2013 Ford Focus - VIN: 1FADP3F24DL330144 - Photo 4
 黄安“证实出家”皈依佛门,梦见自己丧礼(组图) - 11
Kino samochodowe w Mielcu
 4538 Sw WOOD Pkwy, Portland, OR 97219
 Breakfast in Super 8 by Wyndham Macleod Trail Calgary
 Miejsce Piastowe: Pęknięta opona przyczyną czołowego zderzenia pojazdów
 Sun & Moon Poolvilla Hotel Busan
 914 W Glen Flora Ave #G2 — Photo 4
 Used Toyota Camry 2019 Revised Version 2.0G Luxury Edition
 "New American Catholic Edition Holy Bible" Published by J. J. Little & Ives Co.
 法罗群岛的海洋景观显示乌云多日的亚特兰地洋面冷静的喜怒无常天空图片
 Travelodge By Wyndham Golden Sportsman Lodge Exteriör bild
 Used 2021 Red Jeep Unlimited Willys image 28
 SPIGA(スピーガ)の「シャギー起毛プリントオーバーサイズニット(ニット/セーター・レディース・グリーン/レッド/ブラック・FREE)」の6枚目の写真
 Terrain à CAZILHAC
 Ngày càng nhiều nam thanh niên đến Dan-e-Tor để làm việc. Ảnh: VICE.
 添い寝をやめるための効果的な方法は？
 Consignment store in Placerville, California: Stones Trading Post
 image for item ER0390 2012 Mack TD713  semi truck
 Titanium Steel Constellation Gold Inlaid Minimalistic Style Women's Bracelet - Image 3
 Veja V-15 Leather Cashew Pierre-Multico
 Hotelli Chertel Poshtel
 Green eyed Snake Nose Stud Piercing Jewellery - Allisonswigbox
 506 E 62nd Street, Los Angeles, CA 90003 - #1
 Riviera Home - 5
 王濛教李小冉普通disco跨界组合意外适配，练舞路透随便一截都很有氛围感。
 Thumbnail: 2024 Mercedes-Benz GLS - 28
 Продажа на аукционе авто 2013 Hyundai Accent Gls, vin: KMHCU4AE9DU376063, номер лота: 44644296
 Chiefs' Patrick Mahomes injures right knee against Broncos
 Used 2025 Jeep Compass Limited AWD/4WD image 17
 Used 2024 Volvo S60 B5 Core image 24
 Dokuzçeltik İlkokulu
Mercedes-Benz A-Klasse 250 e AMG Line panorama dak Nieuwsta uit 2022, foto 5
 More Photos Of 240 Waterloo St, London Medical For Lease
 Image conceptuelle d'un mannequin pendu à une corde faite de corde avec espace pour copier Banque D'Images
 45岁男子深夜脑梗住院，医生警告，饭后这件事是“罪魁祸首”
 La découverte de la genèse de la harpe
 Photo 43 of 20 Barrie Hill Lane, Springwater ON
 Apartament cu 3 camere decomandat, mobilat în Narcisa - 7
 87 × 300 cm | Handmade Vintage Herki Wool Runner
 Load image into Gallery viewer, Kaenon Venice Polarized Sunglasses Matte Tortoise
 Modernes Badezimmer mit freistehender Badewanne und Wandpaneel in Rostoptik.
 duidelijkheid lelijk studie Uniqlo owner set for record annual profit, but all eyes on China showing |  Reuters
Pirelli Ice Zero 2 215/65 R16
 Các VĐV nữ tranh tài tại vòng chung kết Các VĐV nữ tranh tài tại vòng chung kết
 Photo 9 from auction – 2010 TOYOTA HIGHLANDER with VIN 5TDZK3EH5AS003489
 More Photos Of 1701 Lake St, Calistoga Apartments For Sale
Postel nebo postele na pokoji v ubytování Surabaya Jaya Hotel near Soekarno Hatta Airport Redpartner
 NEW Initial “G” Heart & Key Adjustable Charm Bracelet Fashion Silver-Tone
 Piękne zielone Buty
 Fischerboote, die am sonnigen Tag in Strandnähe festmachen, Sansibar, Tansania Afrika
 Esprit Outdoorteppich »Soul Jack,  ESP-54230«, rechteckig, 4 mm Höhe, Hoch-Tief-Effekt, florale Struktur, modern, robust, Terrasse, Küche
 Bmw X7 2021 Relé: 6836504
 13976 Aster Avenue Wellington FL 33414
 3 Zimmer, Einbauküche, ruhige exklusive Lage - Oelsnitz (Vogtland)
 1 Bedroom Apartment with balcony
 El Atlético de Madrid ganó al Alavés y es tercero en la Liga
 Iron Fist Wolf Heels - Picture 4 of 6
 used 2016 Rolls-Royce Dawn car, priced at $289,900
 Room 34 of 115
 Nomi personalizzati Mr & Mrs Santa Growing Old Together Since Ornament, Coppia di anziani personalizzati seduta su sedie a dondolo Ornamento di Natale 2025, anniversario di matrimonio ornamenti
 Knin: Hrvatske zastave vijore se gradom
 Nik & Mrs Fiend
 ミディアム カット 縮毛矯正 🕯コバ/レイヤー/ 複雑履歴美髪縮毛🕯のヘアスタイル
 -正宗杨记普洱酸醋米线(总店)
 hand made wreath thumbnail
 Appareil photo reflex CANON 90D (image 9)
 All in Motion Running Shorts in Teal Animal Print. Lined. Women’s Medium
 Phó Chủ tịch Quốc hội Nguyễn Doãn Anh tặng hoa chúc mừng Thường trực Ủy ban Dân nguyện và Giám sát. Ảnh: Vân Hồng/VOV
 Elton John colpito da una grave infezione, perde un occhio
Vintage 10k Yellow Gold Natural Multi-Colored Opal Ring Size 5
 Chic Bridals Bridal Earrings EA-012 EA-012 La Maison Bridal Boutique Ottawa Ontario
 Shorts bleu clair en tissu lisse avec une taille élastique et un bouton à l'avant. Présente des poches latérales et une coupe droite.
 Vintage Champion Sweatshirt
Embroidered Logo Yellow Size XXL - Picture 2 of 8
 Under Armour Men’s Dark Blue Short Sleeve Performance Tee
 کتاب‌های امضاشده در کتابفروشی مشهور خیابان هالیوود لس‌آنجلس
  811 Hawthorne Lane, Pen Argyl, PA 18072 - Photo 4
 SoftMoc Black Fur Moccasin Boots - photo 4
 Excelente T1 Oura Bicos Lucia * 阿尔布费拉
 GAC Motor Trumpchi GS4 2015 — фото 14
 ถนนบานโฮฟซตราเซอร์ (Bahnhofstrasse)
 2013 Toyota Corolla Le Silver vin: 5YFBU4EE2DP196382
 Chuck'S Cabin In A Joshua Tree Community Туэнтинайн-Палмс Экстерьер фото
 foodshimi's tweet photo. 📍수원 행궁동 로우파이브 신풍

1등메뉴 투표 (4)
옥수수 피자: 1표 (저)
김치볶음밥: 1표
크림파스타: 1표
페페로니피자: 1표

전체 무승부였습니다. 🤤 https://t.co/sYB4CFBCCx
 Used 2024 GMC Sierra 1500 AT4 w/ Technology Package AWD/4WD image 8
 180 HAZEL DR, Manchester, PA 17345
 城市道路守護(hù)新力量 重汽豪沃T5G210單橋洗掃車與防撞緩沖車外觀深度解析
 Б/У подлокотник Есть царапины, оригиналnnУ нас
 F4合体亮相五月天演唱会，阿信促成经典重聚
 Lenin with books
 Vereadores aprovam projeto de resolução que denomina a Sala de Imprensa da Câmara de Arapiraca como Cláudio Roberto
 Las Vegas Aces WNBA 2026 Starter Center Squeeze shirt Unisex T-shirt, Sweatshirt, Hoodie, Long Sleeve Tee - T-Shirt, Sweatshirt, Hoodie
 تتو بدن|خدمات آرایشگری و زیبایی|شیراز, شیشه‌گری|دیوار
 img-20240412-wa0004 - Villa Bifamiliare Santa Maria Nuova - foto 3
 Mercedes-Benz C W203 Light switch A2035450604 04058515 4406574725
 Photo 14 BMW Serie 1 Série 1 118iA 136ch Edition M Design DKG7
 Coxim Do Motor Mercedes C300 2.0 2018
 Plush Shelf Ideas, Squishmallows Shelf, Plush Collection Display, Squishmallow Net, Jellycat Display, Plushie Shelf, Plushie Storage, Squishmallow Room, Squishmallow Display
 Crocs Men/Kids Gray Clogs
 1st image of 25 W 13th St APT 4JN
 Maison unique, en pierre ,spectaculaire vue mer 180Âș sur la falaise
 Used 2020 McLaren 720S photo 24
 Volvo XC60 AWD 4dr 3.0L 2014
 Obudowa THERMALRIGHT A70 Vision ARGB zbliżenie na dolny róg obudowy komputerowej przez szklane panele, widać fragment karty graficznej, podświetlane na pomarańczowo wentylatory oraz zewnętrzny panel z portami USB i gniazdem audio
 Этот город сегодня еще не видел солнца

....................

§ **Your assignment**
Copy out each line of the entries above that holds "Edition".

§ **Exercise solution**
 Used Toyota Camry 2019 Revised Version 2.0G Luxury Edition
 "New American Catholic Edition Holy Bible" Published by J. J. Little & Ives Co.
 Photo 14 BMW Serie 1 Série 1 118iA 136ch Edition M Design DKG7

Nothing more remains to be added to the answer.